Opened 6 years ago
Last modified 12 months ago
#771 new enhancement
omindex: Handle "directory documents"
Reported by: | Olly Betts | Owned by: | Olly Betts |
---|---|---|---|
Priority: | normal | Milestone: | 2.0.0 |
Component: | Omega | Version: | |
Severity: | normal | Keywords: | GoodFirstBug |
Cc: | Blocked By: | ||
Blocking: | Operating System: | All |
Description
Documents from apple iwork (keynote, pages, numbers) can either be a single file or a directory of files. (I think the single file variant is actually a zip file container holding the same files as the directory variant).
As of 1.4.8, omindex can handle the file variant, but currently omindex doesn't consider a directory could be a document.
We'd need a way to indicate that a file-extension-to-mimetype mapping is for a directory, and then check directories whose leafname has an extension against the list of mimetype mappings that are valid for directories. If we get a mimetype, then we should handle that path as a document to index rather than recursing into it.
Change History (7)
comment:1 by , 6 years ago
Cc: | added |
---|---|
Owner: | changed from | to
Status: | new → assigned |
comment:2 by , 6 years ago
Cc: | removed |
---|---|
Owner: | changed from | to
Status: | assigned → new |
comment:3 by , 6 years ago
Owner: | changed from | to
---|---|
Status: | new → assigned |
comment:4 by , 20 months ago
Owner: | changed from | to
---|---|
Status: | assigned → new |
comment:5 by , 20 months ago
I have something that basically works.
Not sure what's best we do about the checksum we store to support collapsing duplicates (seems like we'd have to iterate the directory recursively in a sorted order (which is more awkward to do) and checksum across all the files, or something like that). For now I'm going to leave the checksum blank for directory documents I think, which means duplicates won't get collapsed.
Other issues:
- The size we currently store is what
stat()
reports for the directory - that's somewhat FS dependent, but tends to vary with the number of entries in the directory which isn't really a useful number for our purposes. If we iterated the contents we could sum the sizes of the files to get a better number.

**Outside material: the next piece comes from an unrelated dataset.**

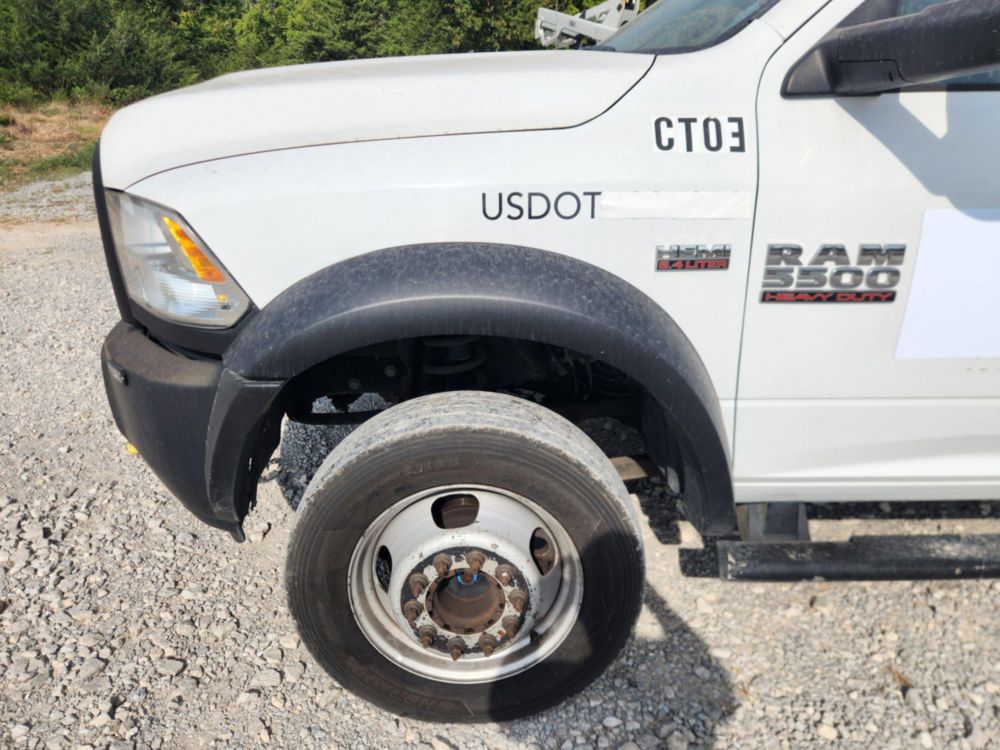 2017 Dodge Ram 5500 4x4 Versalift SST-40EIH-01 Bucket Truck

- The mtime and ctime we store are for the directory, which means that modifications to a directory document may not always be correctly detected. It depends how programs which save them do it - if they always create a new directory with a temporary name and then once saved delete the old one and rename we'll be good. If we iterated the contents we could find the newest mtime and newest ctime from among the files inside. For ctime, we also should include the directory itself if we take the user and group from it (as we currently do, and as seems reasonable).
comment:6 by , 20 months ago
I thought of a trick to avoid needing to sort the directory entries in the hash - compute the hash of each file separately and combine the hashes with an associative operator such as modulo addition which gives a final answer which doesn't depend on the order of processing. If we go this route we should probably consult someone who knows more about cryptography to see if this seems a terrible idea. The security of these hashes isn't a huge concern (or else we'd have stopped using md5 here long ago) but we want to avoid weakening the hash in a way which makes chance collisions more likely.
comment:7 by , 12 months ago
Milestone: | 1.4.x → 2.0.0 |
---|
Postponing. Once done this can probably be backported to the current stable series.
No activity for four years, and it'd be good to sort this out so taking on this ticket.
Not sure what's best we do about the checksum we store to support collapsing duplicates (seems like we'd have to iterate the directory recursively in a sorted order and checksum across all the files, or something like that). For now I'm going to leave the checksum blank for directory documents I think, which means duplicates won't get collapsed.